Petitioner has made no such argument - and indeed, he litigated this claim through a pretrial motion, Commonwealth v. Warren, No. 5176-03, slip op. at 12-14 (Pa. Com. Pl. Oct. 26, 2004), and on direct appeal, Commonwealth v. Warren, No. 1027 EDA 2006, slip op. at 6-10 (Pa. Super. Ct. July 3, 2007) [hereinafter Warren 2007]. Both times, the state courts engaged in detailed factual and legal analyses and ultimately rejected Petitioner's probable cause argument. Petitioner's claim now is still on the merits - he alleges that the state courts decided the issue incorrectly, which is "insufficient to surmount the Stone bar." Marshall, 307 F.3d at 82. He points to no structural defects in the prior litigation of this issue.

Therefore, Petitioner had a full and fair opportunity to litigate the Fourth Amendment claim through which he now seeks habeas relief, and so this claim is non-cognizable.

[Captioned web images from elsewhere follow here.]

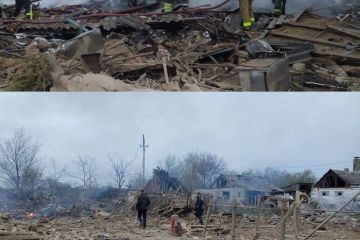 Окупанти завдали удару по Павлоградському району на Дніпропетровщині – ОВА Окупанти завдали удару по Павлоградському району на Дніпропетровщині – ОВА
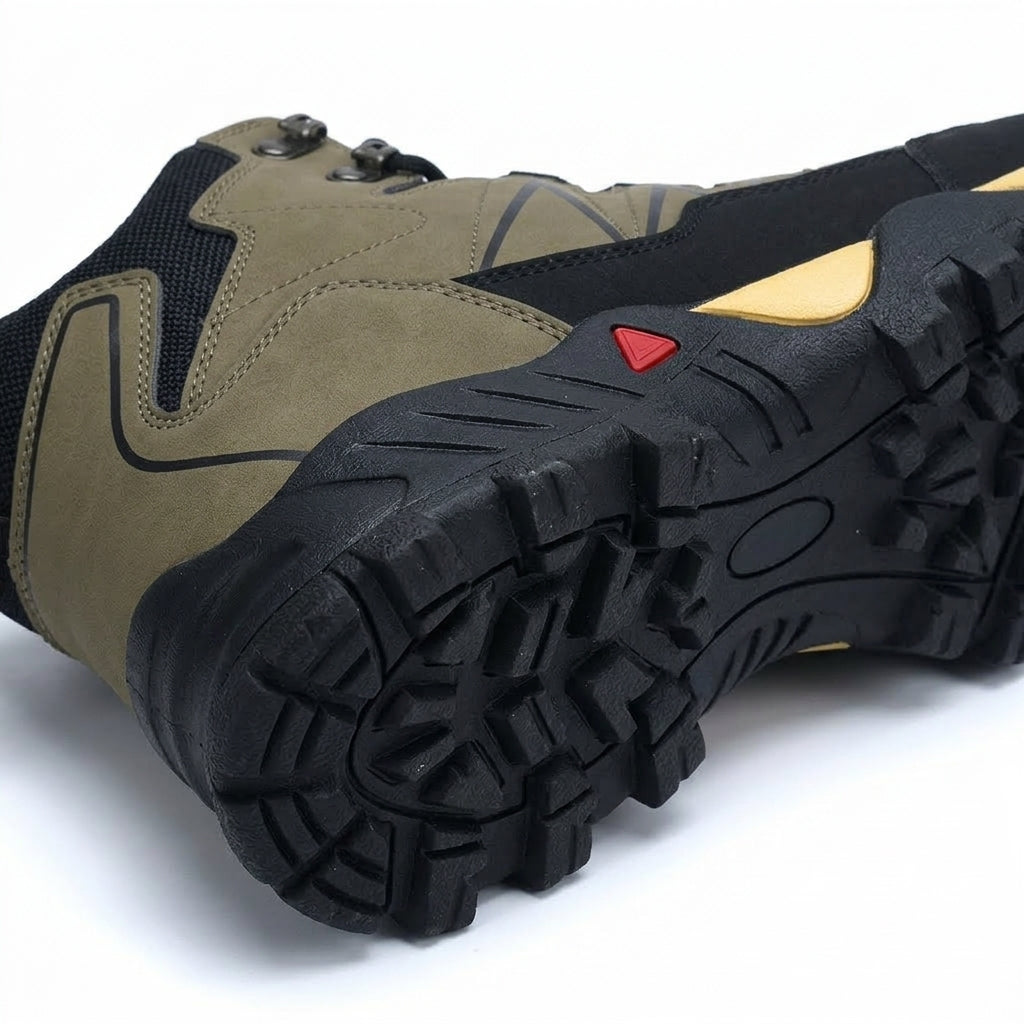 IronGuard Work Boots Brown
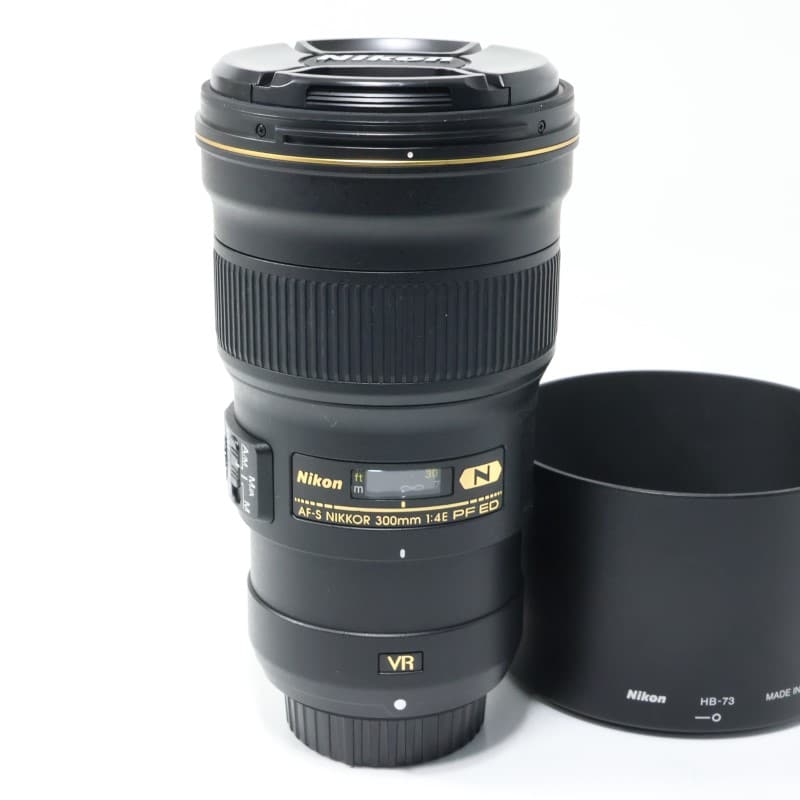 AF-S NIKKOR 300mm f/4E PF ED VR
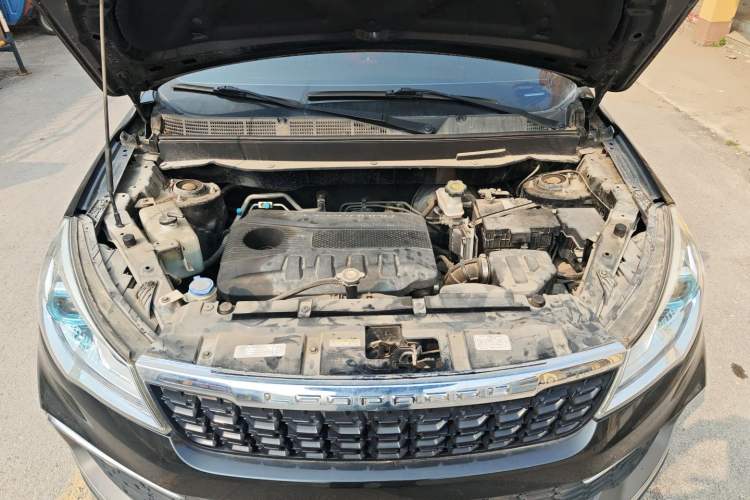 Used Leopaard CS9 2017 1.5L CVT Comfort Model Engine Bay
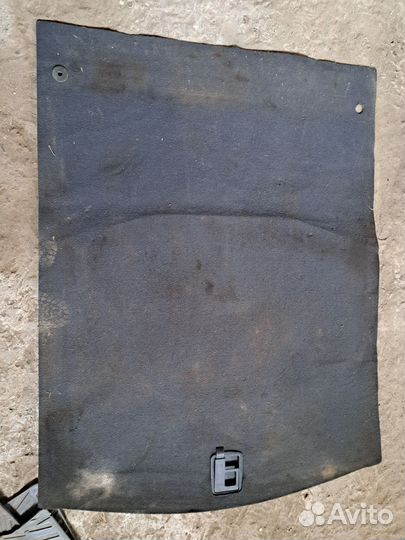 Обшивка пола багажника Audi A6 C6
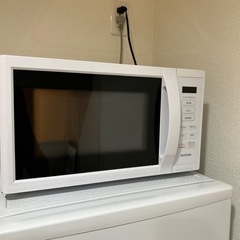電子レンジ譲ります！(ほぼ新品)
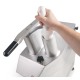 Професионална зеленчукорезачка, инокс/алуминий, 220-240V, 50Hz, 270 r.p.m., 57x23x51см, 22,5кг, PROFESIONAL – Lacor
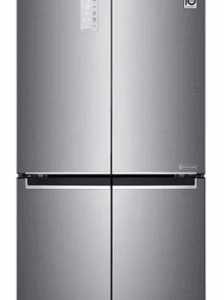 LG 530L Slim French Door Fridge - Stainless Finish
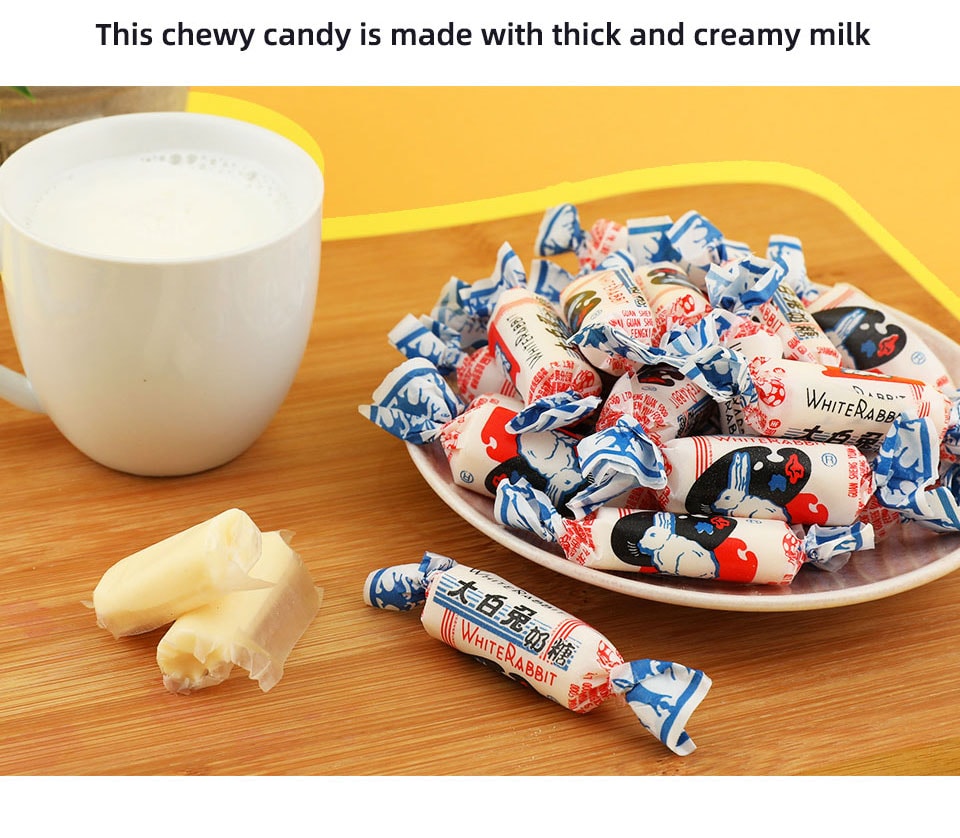 White Rabbit Creamy Candy 180g T&T Supermarket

B. Claim Two: Suppression of Inculpatory Statements

Next, Petitioner claims that the trial court erred by denying his pretrial motion to suppress inculpatory statements he gave to the police, because he was "under the influence of crack cocaine during questioning." Habeas Pet. 7.

The trial court rejected this argument, stating:

Nor was Warren's statement involuntary because he smoked crack the previous evening. In Commonwealth v. Meachum, 711 A.2d 1029, 1034 (1998), the defendant claimed his confession was inadmissible because he was under the influence of heroin. The court properly denied his motion on the basis of testimony by the interrogating officer, a trained narcotics agent, that when the appellant was interviewed, he did not exhibit any signs of
intoxication. See also Commonwealth v. O'Bryant, 479 Pa. 534, 540, 388 A.2d 1059, 1061 (1978) (ninety minutes before giving his statement, defendant had ingested a capsule of a prescription drug that made him drowsy, but this drug did not diminish defendant's ability to exercise volition). Here, Warren smoked crack the night before his arrest, but there was no evidence presented at the suppression hearing or at trial that he was still under the influence at the time of his post-arrest confession the following afternoon. Indeed, the relevant evidence, including but not limited to his audio taped statement, demonstrates that he was coherent and lucid at the time of his confession. Lieutenant Gibney testified that Warren was neither injured nor intoxicated when he reviewed and signed the waiver of his Miranda rights. Lieutenant Gibney added that despite the fact that Warren confessed that he had been smoking crack all night and that morning, in his opinion, Warren "wasn't under the influence of narcotics or he didn't know what he was doing. . . Crack cocaine lasts for a very short amount of time. . . [Warren] was sitting for over an hour before I talked to him. Not only that, if you know anything about drugs, the adrenaline that [Warren] has flowing from the crime, the upsetness, runs that high right out of him." Lieutenant Gibney's opinion, which is based on his extensive work for over fifteen years as a narcotics officer, is worthy of belief.
Warren 2006, slip op. at 22-23 (alterations in original).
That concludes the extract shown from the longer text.